It seems as though as soon as you hit the 6 month monogamy mark, it’s open season for everyone around you to ask personal questions about the state of your union that are absolutely none of their beeswax (ok maybe this is fair game for the latest hubba-hubba celeb couple, but for us regular folk, sheesh already!).
Does the lady who waters the plants in your office do the exaggerated “anything new?” on your ring finger (ie, craning-of-the-neck/eyebrow-raise/head-shake/tut-tut/sigh routine) every other week? Do you find yourself wanting to toss your coffee in the face of the next person who tells you that paying rent is just throwing your money away? And when you call your parents with big news, have they ceased even trying to hide their disappointment when it’s about your next step up the corporate ladder and never about an imminent grandbaby?
These insensitive personal space invaders can cause spikes in your blood pressure that will take precious years off your life. And worse, a snarky response is easily misinterpreted as sensitivity about the topic and the impression that you dearly wish you were already Mrs. Barefoot-Pregnant!
So here are some tips for shutting down the intrusive, once and for all:
Prying Question #1. When are you getting married?
John Mazerolle, author of the ‘He Says’ column for Metro Canada puts it best: “… getting married is like getting an engineering degree. Engineering degrees are awesome (but) they’re not for everyone, and there’s no shame in not getting one. And if you forced everybody to get one a lot of bridges would collapse.”
The Trap: If Nosy Parker is married but you are non-traditional, she may be offended if you tell her that you think marriage is an outdated convention with no real significance in today’s society. If Nosy Parker is not married, she may be offended that you are leaving the independent women’s club by choice to be locked into in a lawful union where you essentially amount to a man’s property.
The classy response: “I guess that’s something we’ll decide together at some point.” Remain nonchalant and simply redirect the conversation back to the task at hand, or to its conclusion: ‘Well, it was great seeing you, I really should get to my (emails, meeting, bus, appointment).’ This subtlety indicates that when the conversation veers towards the personal, you won’t be sticking around to overshare.
Prying Question #2. When are you buying a house?
The majority of the questioning in this case will come from home owners themselves. They are only too happy to rave on about how quartz is the new granite, and wonder obnoxiously how they ever survived without central vac. But try making plans with them for Friday night drinks or booking a last-minute trip down south and you’ll hear a very different story.

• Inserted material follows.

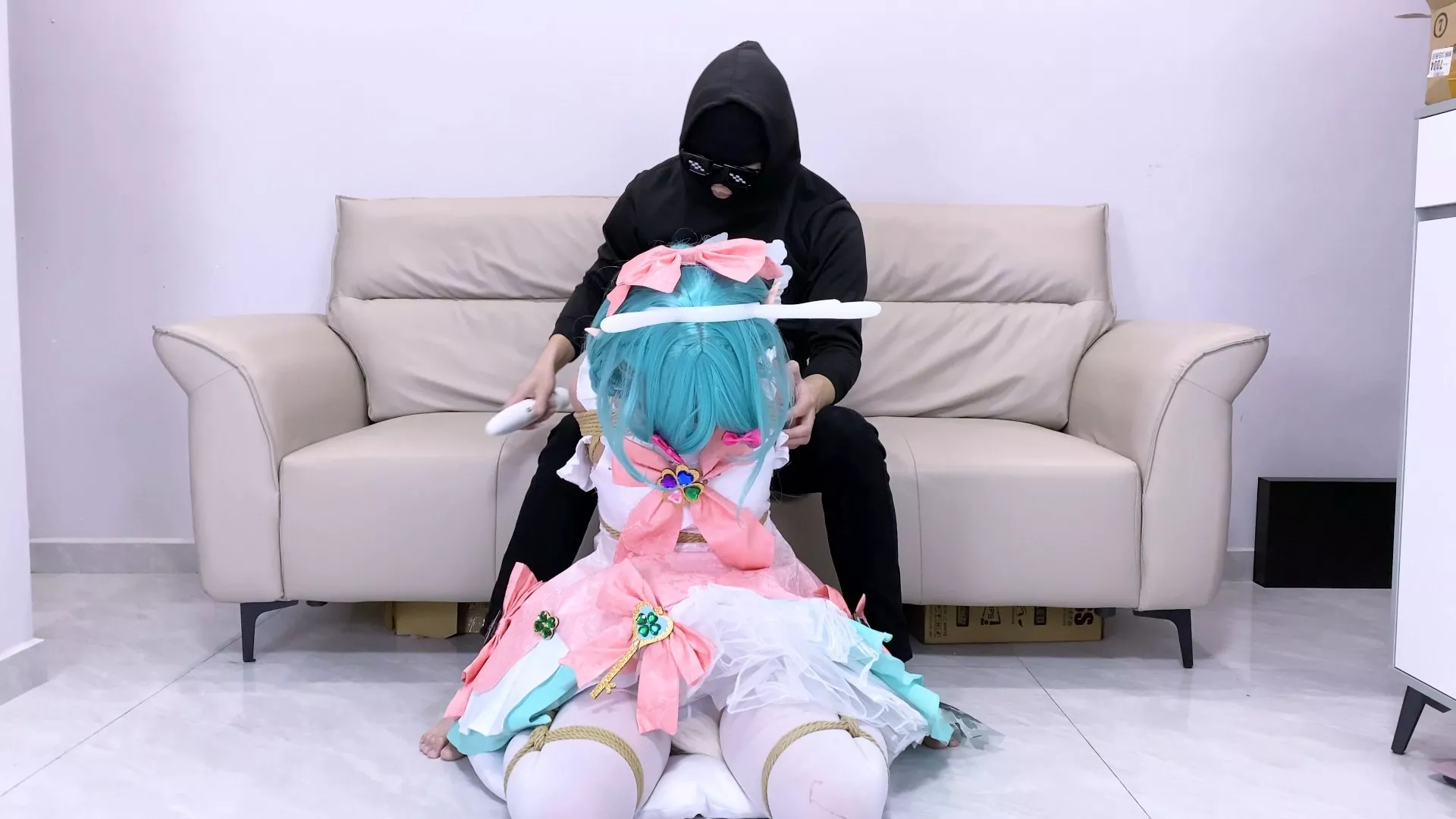 Screenshot 1 from Aww Meow: Yao-Time’s Prayer Cosplay Bound & Broken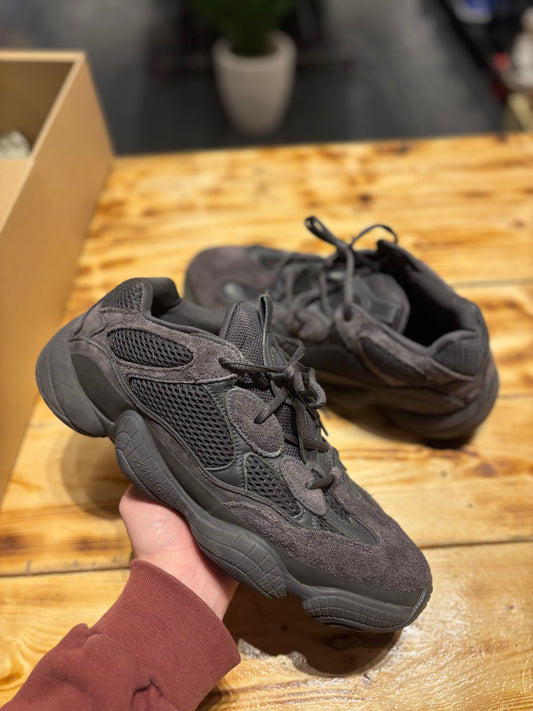 Yeezy 700 “utility black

This one is a frightening tale of the unexpected furnace burnout that cost $5000, sky-high utilities bills and flooded basements. Of course they can’t be throwing away money on $7 beers at the pub anymore and all-inclusives are out of the question when there are mortgages to pay. Sure, long-term they have made a great investment, but should you have to defend yourself if you’ve chosen to have a life instead?
The Trap: This brand of Nosy Parker has an ulterior motive – they just can’t stand to hear about your freewheeling, landlord-calling lifestyle while they toss sleepless in their beds worrying about the cost of a new roof and fluctuating interest rates.

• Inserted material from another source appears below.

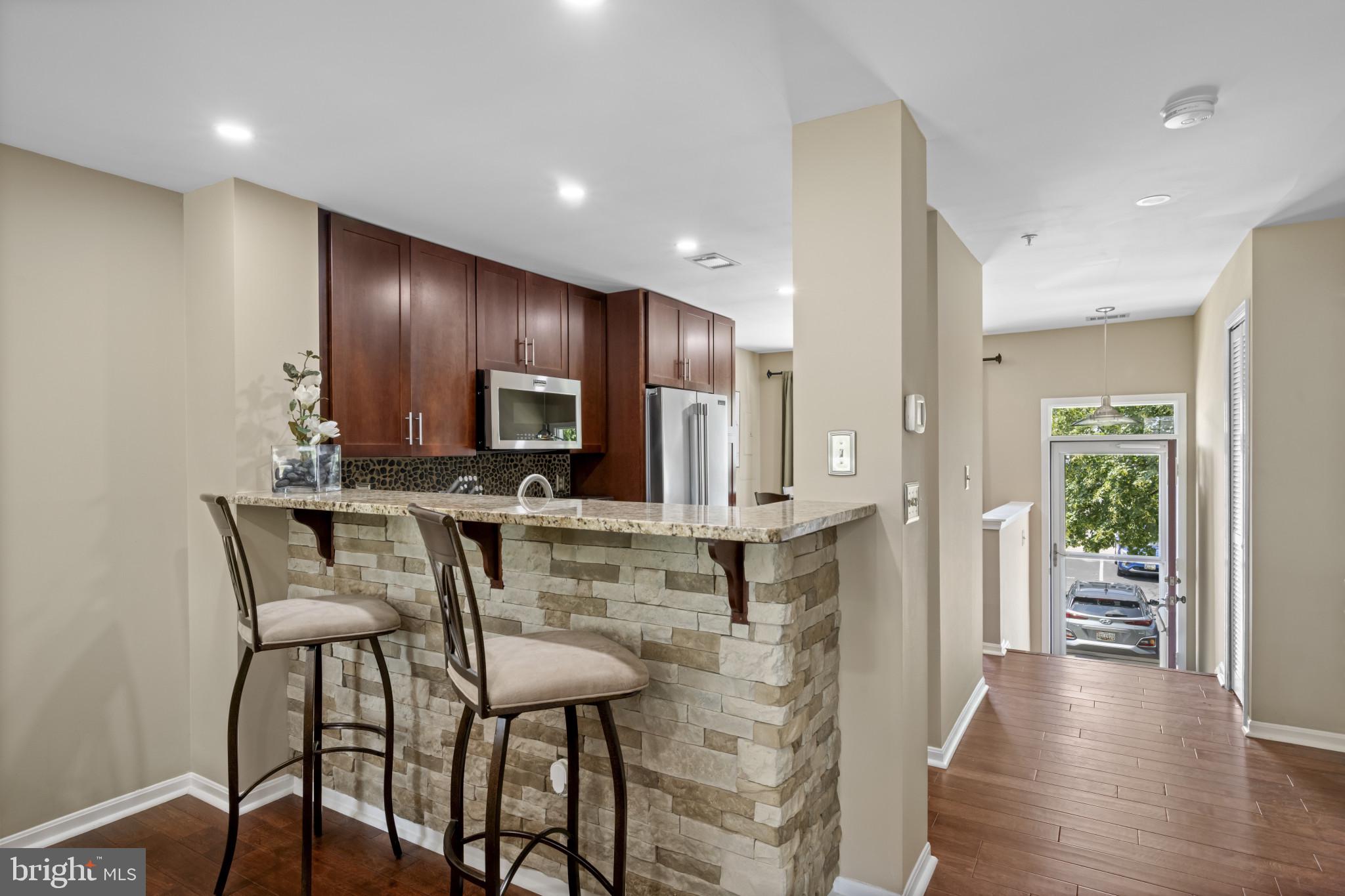 CEDAR GROVE AT CROFTON - Residential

The classy response: “That’s not really a priority for us right now.” Then directly follow up with a change of subject: ‘Hey, I’m considering that 30-day yoga challenge, are you enjoying it?’ This response is gentle, but firmly suggests that you are enjoying the light conversation and any attempts to go deeper will be similarly blocked.
Prying Question #3. Do you want kids? or When are you having kids?
This one is especially tricky because there is so much room to offend and be offended. When you’re on the receiving end of questions about the status of your womb, you’re going to be defensive – with good reason.
The Trap: Is the Nosy Parker asking the question with one baby balanced on his hip and another tugging at his corduroys? Or does he have the infamous Macleans “The case against having kids” cover blown up to poster size, framed, and hung in the most prominent location in his office.
The Classy Response: “Oh, I don’t know.” Deliver with a slightly confused smile as if you have never heard of children, and immediately change the subject to a neutral topic: ‘Did you see Inception? I am obsessed with reading the alternate ending theories online!’ This gets the point across that there will be no further discussion, and distracts from any awkwardness by segueing smoothly into another (less personal) theme.
So remember, just because they ask doesn’t mean they deserve an answer, but remember to always take the high road.*
*Exception: Wisecracks about expiring eggs, spinsters or cats should always be met with an immediate kick to the groin.